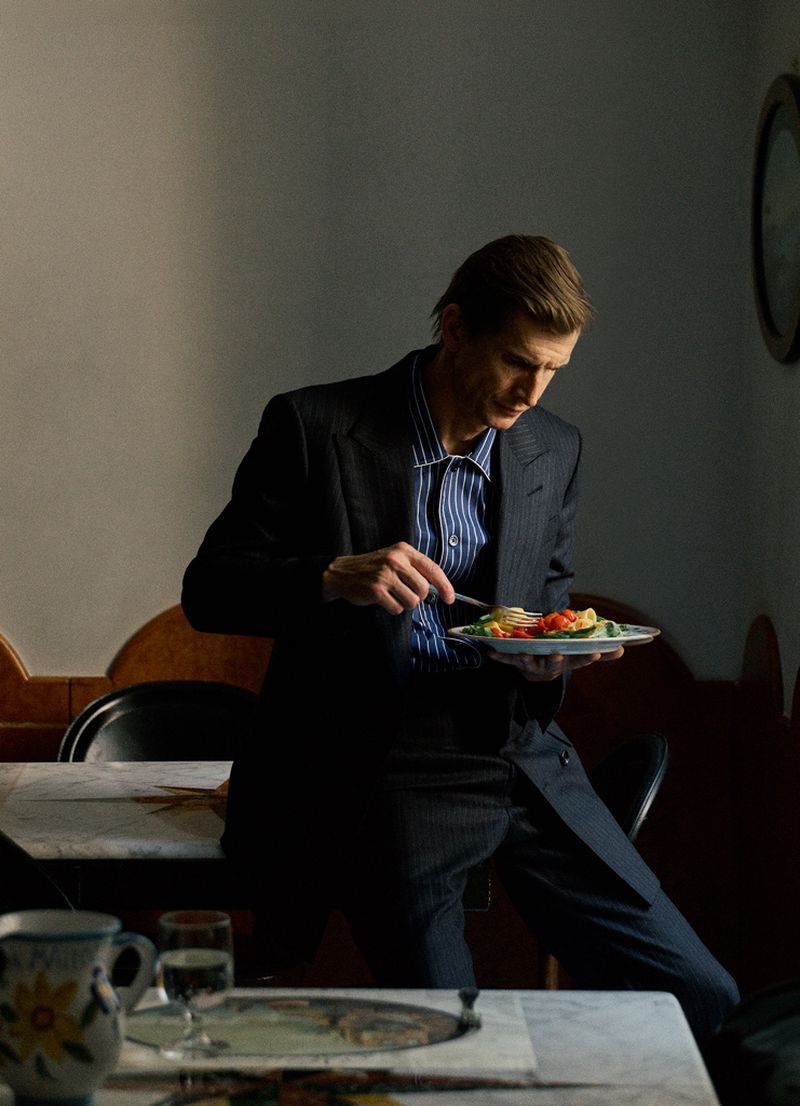 A man in a pinstriped suit jacket eating a salad plate in an indoor setting photographed by Raffo Marone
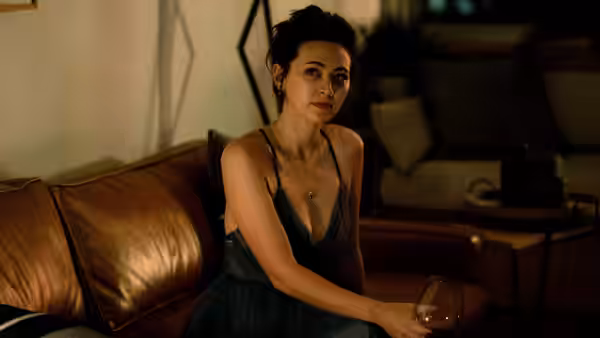 Ruth (Jessica Henwick) seated on a couch holding a wine glass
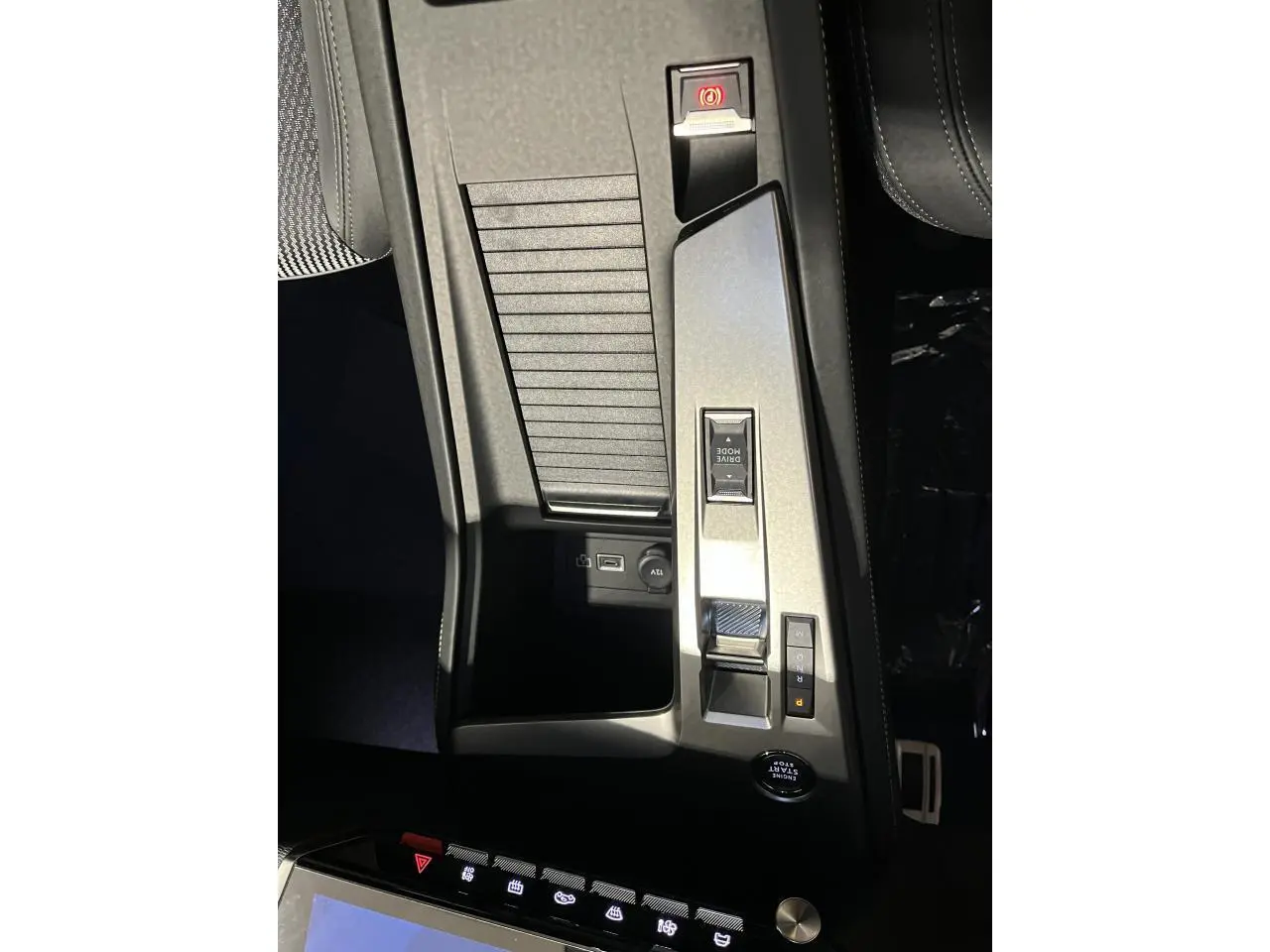 Vue plongeante de la console centrale gris aluminium de la Peugeot 308 GT 2024 avec commandes de boîte auto et prise 12V visible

* **Your objective**
Your copy of the listing should match it exactly, apart from the pictures, which are left out.

* **Solution for this exercise**
 A man in a pinstriped suit jacket eating a salad plate in an indoor setting photographed by Raffo Marone
 Ruth (Jessica Henwick) seated on a couch holding a wine glass
 Vue plongeante de la console centrale gris aluminium de la Peugeot 308 GT 2024 avec commandes de boîte auto et prise 12V visible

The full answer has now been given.